Possession of less than 3.5 ounces of marijuana in Ohio is still a crime, but it’s a lowest-level misdemeanor that’s punishable by no more than a $150 fine and possible suspension of a driver’s license. But even that piddling bust takes some police work. For one, the cop doing the arrest has to prove that the marijuana is in fact marijuana—and has to prove it in court.

Typical procedure goes like this: Drugs seized during an arrest or raid are “suspected drugs,” good only for establishing probable cause to make an arrest, until they’re sent to the state crime lab for analysis. Only after a lab test confirms that the contraband is the real McCoy (and of course this is already a marijuana strain name) can a drug conviction be won in court.

This has created what’s become an expensive dilemma for Ohio’s small-town police. Last March, the Ohio Bureau of Criminal Investigation’s crime lab stopped testing minute amounts of marijuana, according to the Toledo Blade. Or more precisely, they stopped running grams, eighths and other small amounts of cannabis through the machine just to prove that, yes officer, that’s cannabis.

Now, if a cop wants to make his $150 case, the police department has to pay for the test—and most aren’t. There’s now both an obvious loophole for defendants charged with low-level marijuana crime as well as a new cottage industry in “cannabis education” for local police.

Per the Blade:

Officers typically use a basic field drug test to confirm that a substance is marijuana, but that test only establishes probable cause. Further testing would be needed for evidence to rise to the higher standard needed for conviction. An officer can be certified through a two-day Ohio Peace Officers Training Academy course, but Waterville Township Police Chief Richard Bingham is unsure that would hold up in court.

Some courts will not accept that,” he said. “Some courts want a chemist report.”

Thus far, 85 officers have taken the two-day course, according to the newspaper. Since most small-time marijuana cases result in a plea deal—and since the testing ending, prosecutors have more incentive than ever to offer a plea rather than pay for a test in order to take a case to trial—local courts have yet to encounter a case dismissed or delayed because nobody could prove weed was weed.

That said, one local judge seemed to suggest that it’s only a matter of time before defendants get wise and realize this is an escape route, as a two-day course does not an expert make.

Whether you go through a training or not, you still have to qualify that a person is, in fact, an expert, and that’s a legal standard that has to be established,” local municipal court Judge Gary Byers told the newspaper. “Whether an officer going through some sort of crash course on identifying marijuana rises to that level, we have to take on a case-by-case basis.”

Ohio is one of the states hit hard by the opiate epidemic—and one of the heroin and prescription pill-wracked states that helped hand Donald Trump the White House.
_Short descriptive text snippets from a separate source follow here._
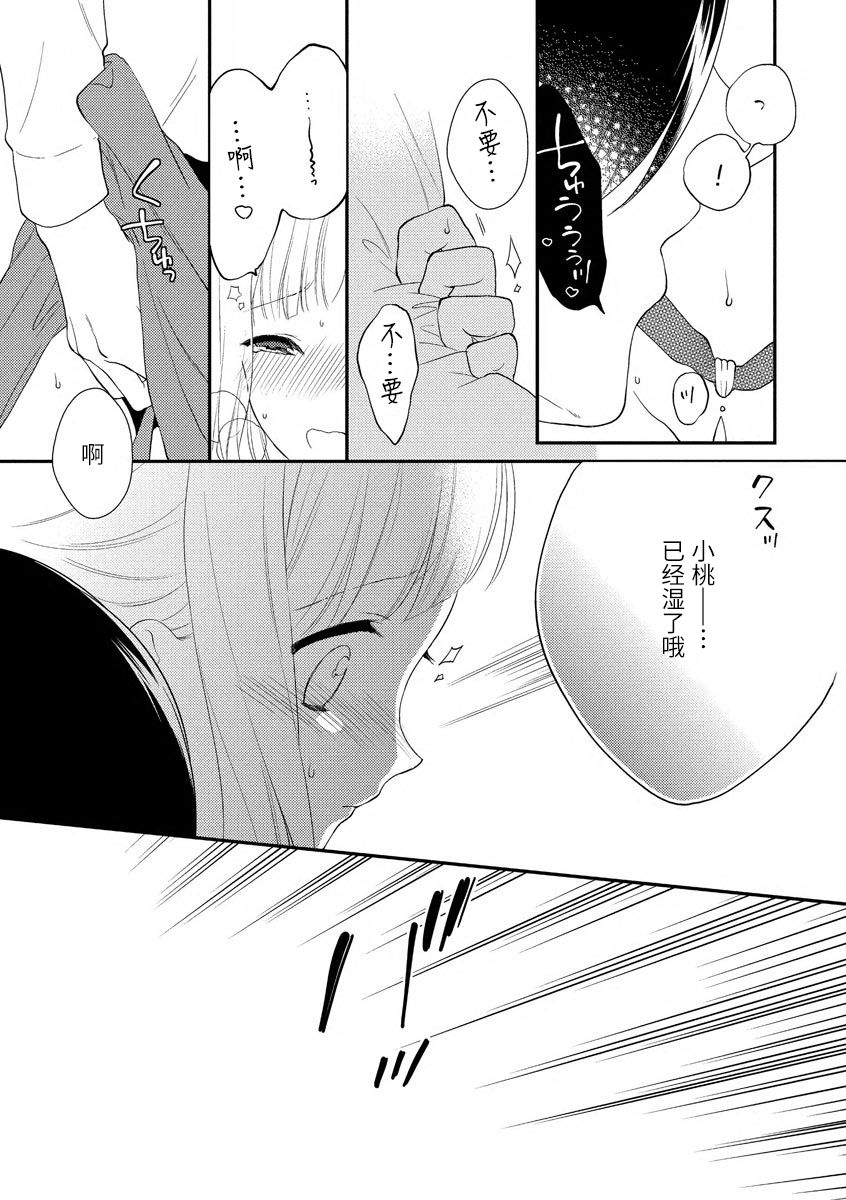 [かーみら]溺愛キスで心溶かして [中国翻訳]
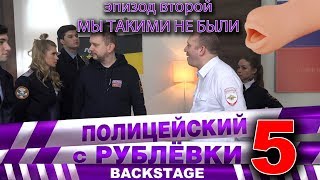 Полицейский С Рублёвки 5. Backstage 2.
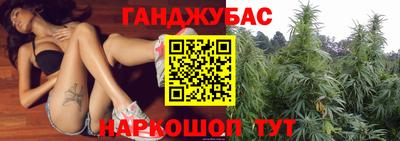 ALPHA-PVP Гатчина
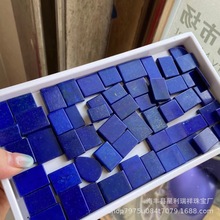天然青金石方形无事牌裸石帝王青金微白微金毛衣链吊坠配饰青金石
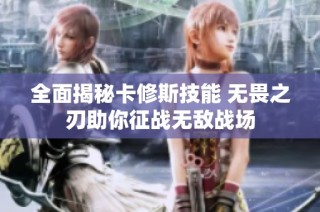 全面揭秘卡修斯技能 无畏之刃助你征战无敌战场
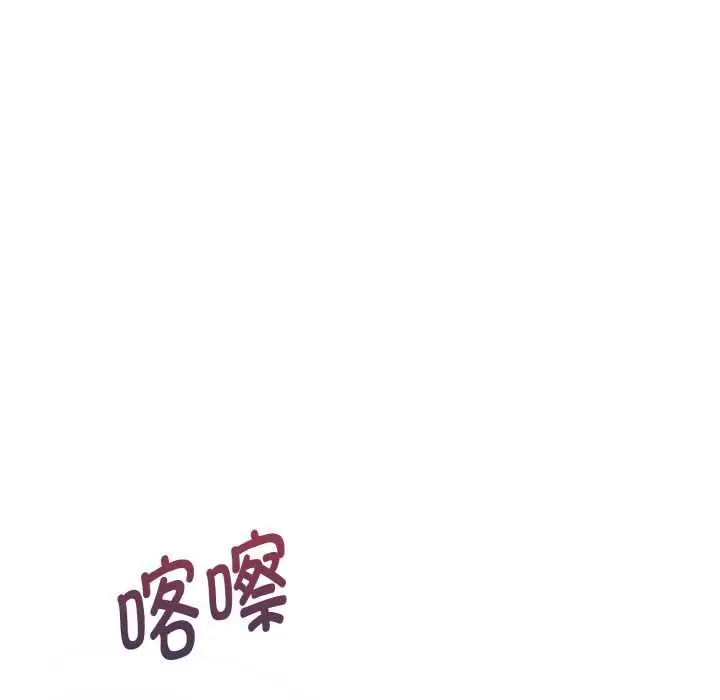 《神雕闯都市/强雕：都市润女传说》第12话图82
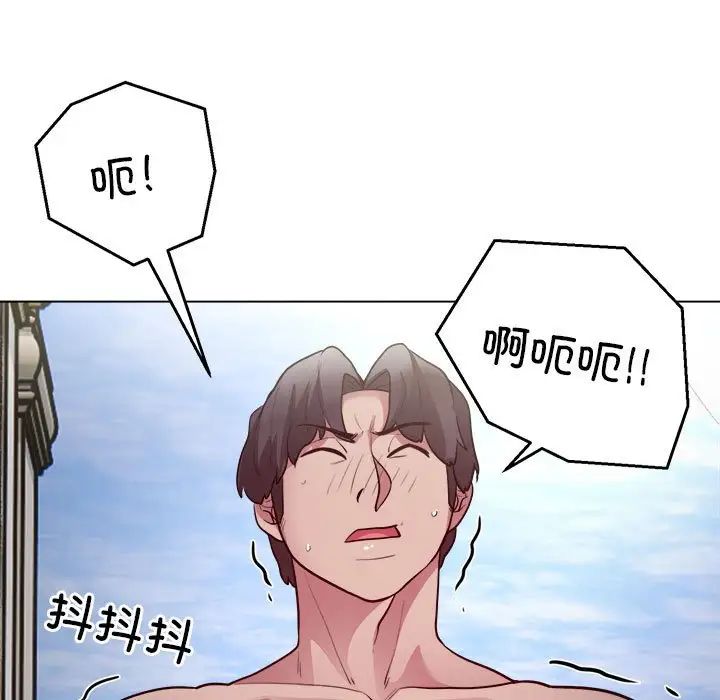 《银行业务员的秘密》漫画 第7話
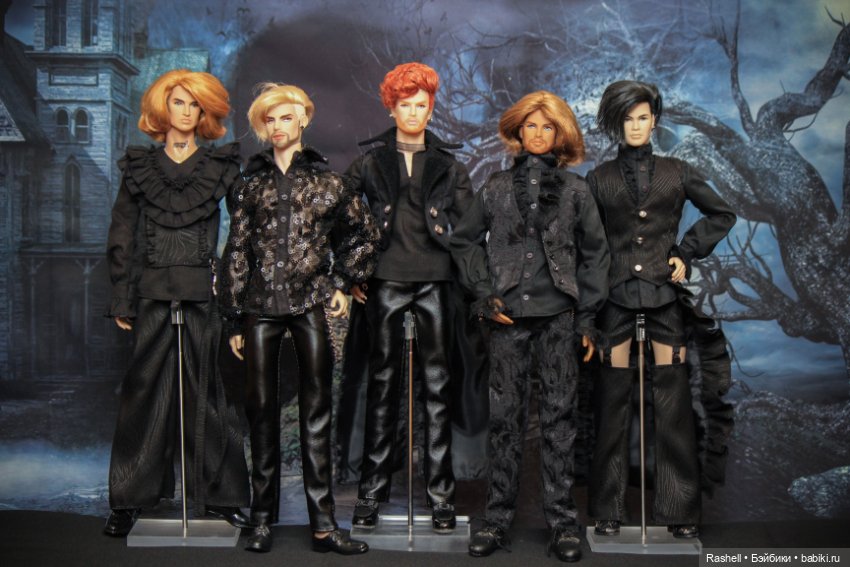 Коллекция на парней фр "И померкнет свет"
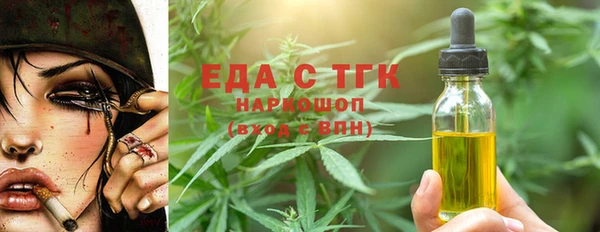 альфа пвп Волоколамск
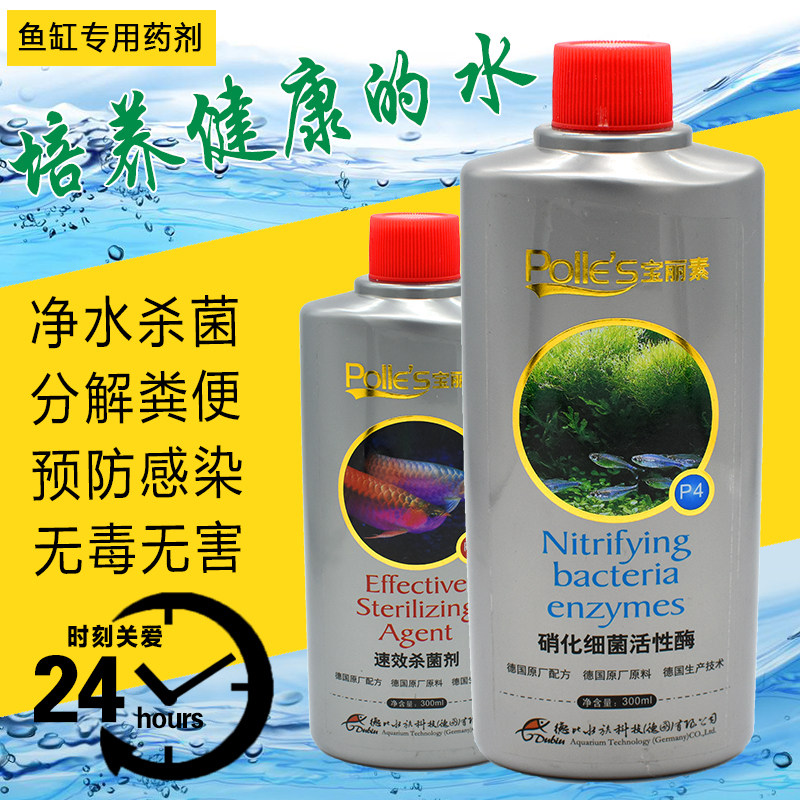 鱼缸水族箱德国宝丽素药水鱼病治疗净化水质硝化细菌培养鱼药包邮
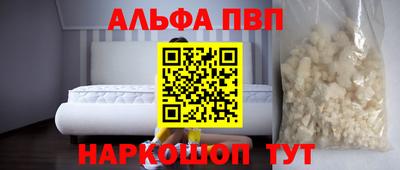 марихуана Абинск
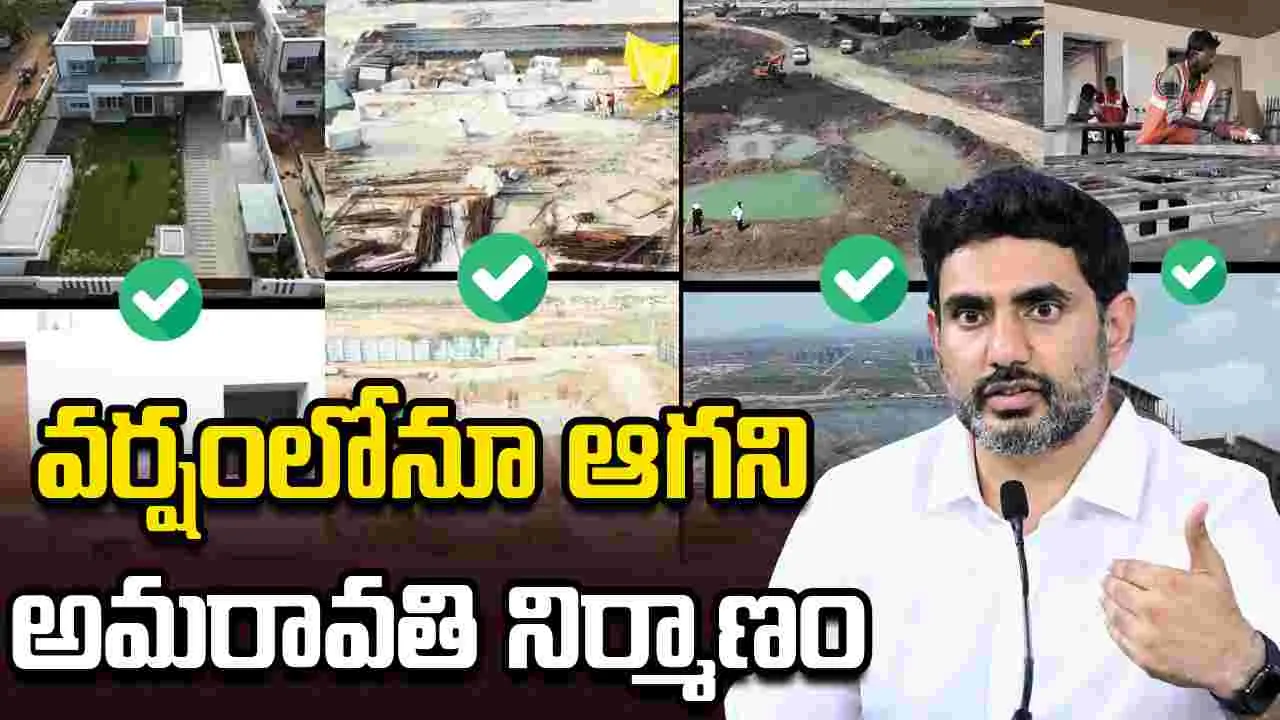 అన్‌స్టాపబుల్‌గా అమరావతి నిర్మాణం.. మంత్రి లోకేశ్ వీడియో పోస్ట్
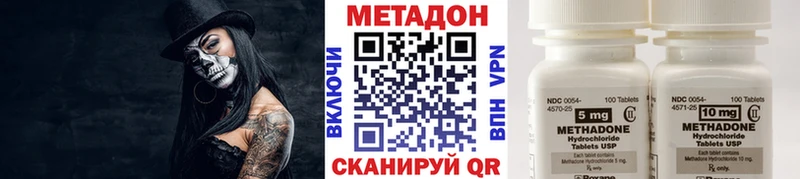 кракен как войти  Киров  маркетплейс наркотические препараты  Метадон мёд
With so much heroin, fentanyl and synthetic opiates to test, the lab had to make a decision to cut something else out—and that was weed.

Seems smart. Who could argue with that? Police, of course: Chief Bingham told the Blade that his department would likely start paying the state crime lab to test small amounts of marijuana—because, he said, that’s how you find the heroin.

I don’t think anyone is looking at a big picture,” he told the newspaper. ‘You are 50 times more likely to progress to heroin or cocaine if you start with marijuana.”

Let’s forget for a second the gateway theory and the Trump-like “50 times” figure conjured out of thin air, and let’s hope Chief B is right on—at least partially. Let’s hope Ohio police progress to busting heroin and cocaine after their chances of making petty pot busts approach zero.